Balu steals Sangeeta's handbag, which contains her diary. Ravi reads the diary and finds out that Sangeeta is the illegitimate daughter of Lawyer Vishwanath (Srinath). After her mother's (Ambika) death, Sangeeta meets her father, who accepts her as his daughter but has to bring her into the house as a maid. Vishwanath's second wife, Vijaya (Hema Chaudary) and her sister, Vasanthi (Shanoor Sana) take an instant dislike for Sangeeta. They treat her with utter disgust and blame her for the tiniest of things. Vishwanath plans to arrange the marriage between Ajay (Shashi Kumar), his brother-in-law, and Sangeeta. But Ajay says that he doesn’t know if Sangeeta has the qualities to become his wife and said that he would have to think about it and asks for three months. Sangeeta waits for his reply. Ravi, after reading her diary, feels pity for her and tries to change his ways by working responsibly after Sangeeta's advice. He also hides his feelings for her.
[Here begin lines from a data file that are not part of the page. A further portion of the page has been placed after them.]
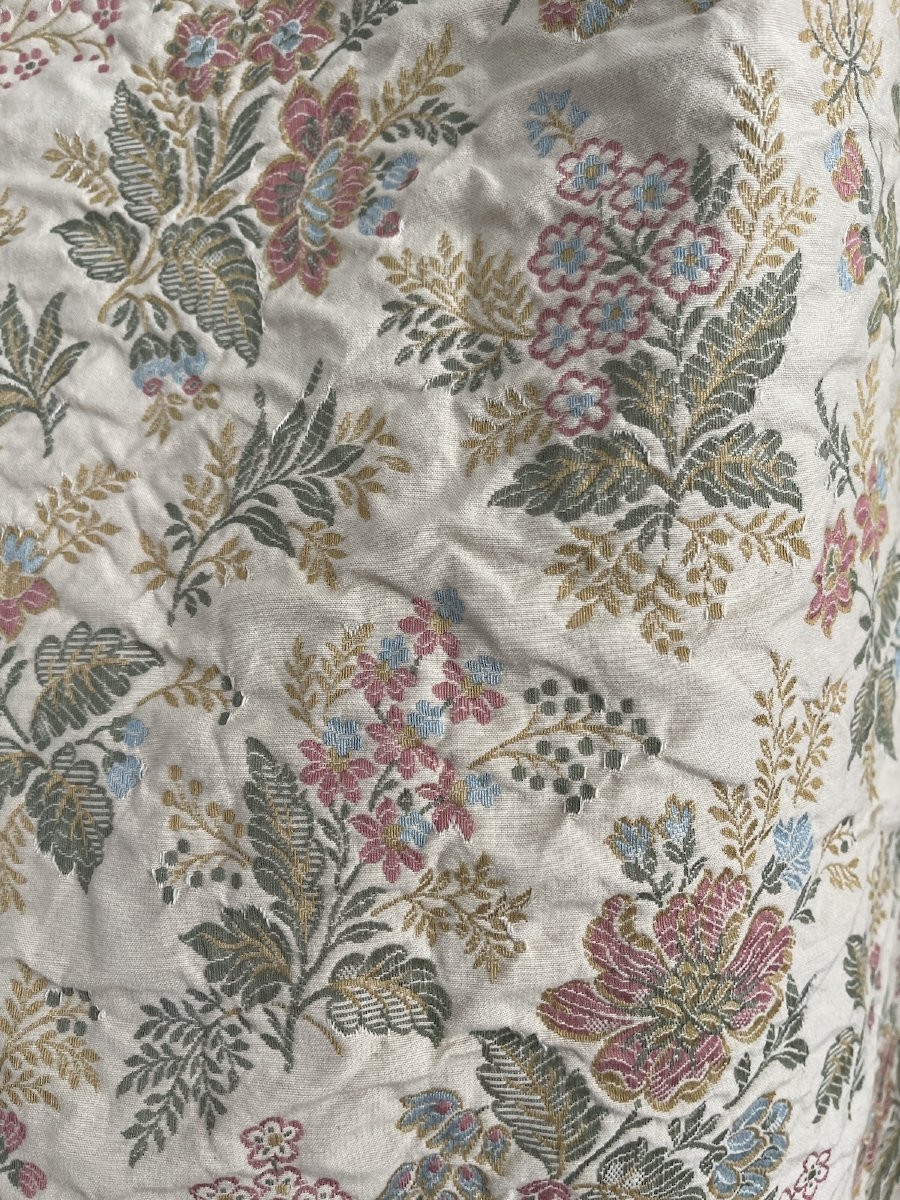 Pair Of Vintage Upholstery Curtains With Delicate Pastel Bouquets-photo-2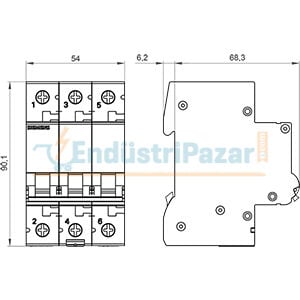 6kA 3 Kutup C 20A Otomatik Sigorta 5SL6320-7 SİEMENS
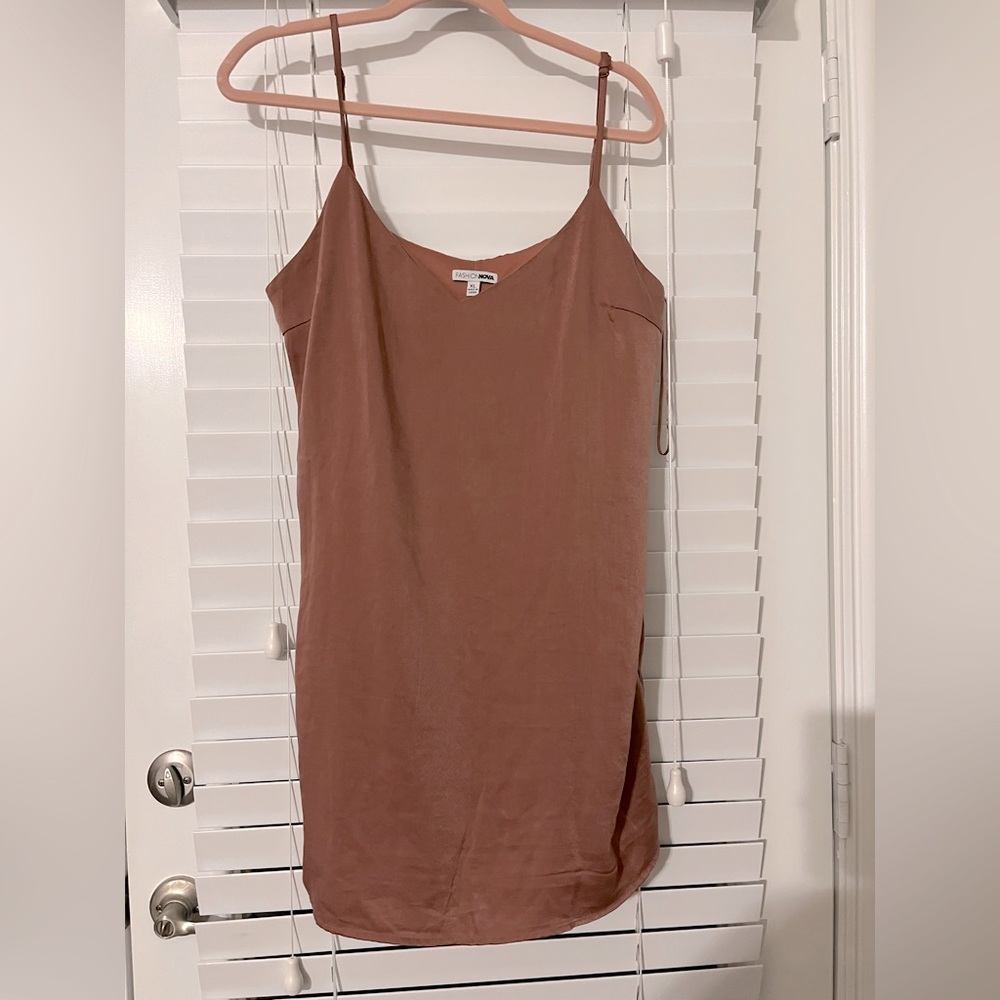 Fashion Nova silky satin long cami or mini slip dress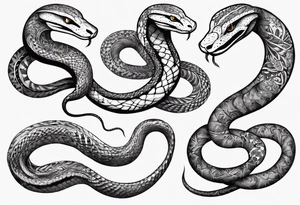 Snake with mandala pattern as skin tattoo idea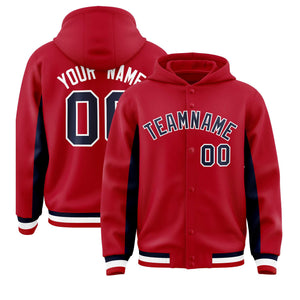 Custom Red Navy Color Block Varsity Full-Snap Letterman Hoodie Jacket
After returning from the trip, Vijaya finds out that her diamond necklace is missing. When looking for it, she finds a cigarette bud in one of the drawers. She and her Vasanthi scold Sangeeta and chase her out. Ravi, who comes to return her bag, finds out and helps her to accommodate in a hostel. He does many petty jobs to pay the hostel fees and help Sangeeta. One day, Ravi finds out about Sangeeta's singing talent and tries to help her move on with it. He encounters music director V. Manohar late one night and helps him repair his car. In return, he asks the director to help Sangeeta out. Sangeeta, after singing a few songs, becomes successful in her singing career and becomes rich. She stays in her bungalow with Ravi and Balu.

During an interview, Sangeeta refrains from saying her father's name. Upset, Vishwanath reveals that he is the father. His wife, looking at Sangeeta's money, accepts Sangeeta as her daughter as well. They come to stay at her house. Vishwanath's wife does not like Ravi and Balu staying with them. They plan the wedding of Ajay and Sangeeta, as Ajay had accepted to marry Sangeeta, long time back. When Sangeeta had gone out of town with Ajay, to receive an award, Vishwanath's wife and sister-in-law staged a drama that Ravi stole Sangeeta's money and chased him and Balu out. Sangeeta comes back and is shocked. She finds Ravi's diary in his room and understands his love for her.

During an award ceremony, Sangeeta reveals that the reason for her success is not her family, but Ravi and she had fallen in love with him. She also tells her desire to marry him. Ravi who had arrived there to drop a passenger, sees it and is called upon the stage when Sangeeta sees him in a TV. In a short flashback, it is shown that Sangeeta had informed Ajay and Vishwanath about her love for Ravi and how Ajay had accepted it. The film ends with Ravi and Sangeeta leaving the place hand in hand.

== Soundtrack ==
All the songs are composed and scored by Rajesh Ramanath. Almost all the songs are recomposed with the same tunes as in the original Tamil film composed by S. A. Rajkumar except the song "Om Namaha" which was reused from "Kaathoramai Kadhai" from Kannupadapoguthaiya also composed by Rajkumar.

| Song title | Singer(s) | Lyrics |
|---|---|---|
| "Chitte Banthu Chitte" | S. P. Balasubrahmanyam | K. Kalyan |
| "Kamana Bille" | S. P. Balasubrahmanyam, K. S. Chithra | K. Kalyan |
| "Suryana Gelethanake" | S. P. Balasubrahmanyam, K. S. Chithra | K. Kalyan |
| "Ello Adu Ello" | S. P. Balasubrahmanyam | K. Kalyan |
| "Ello Adu Ello" | K. S. Chithra | K. Kalyan |
| "Koti Pallavi Haaduva" | K. S. Chithra | K. Kalyan |
| "Om Namaha" | S. P. Balasubrahmanyam, Manjula Gururaj | K. Kalyan |

==Reception==
Sify wrote "Ravichandran sleepwalks through the movie while it is Prema who steals the thunder. She has done a good job inspite (sic) of looking extremely beautiful. Mandya Ramesh also is good in the comedy track. But however it is the music in the film (which is a clean lift from the original sound track) which is the highlight". Indiainfo wrote "This Tamil remake of Unadethil Ennai Kuduthene starring Karthik and Roja has its dramatic moments but it's not worth raving about".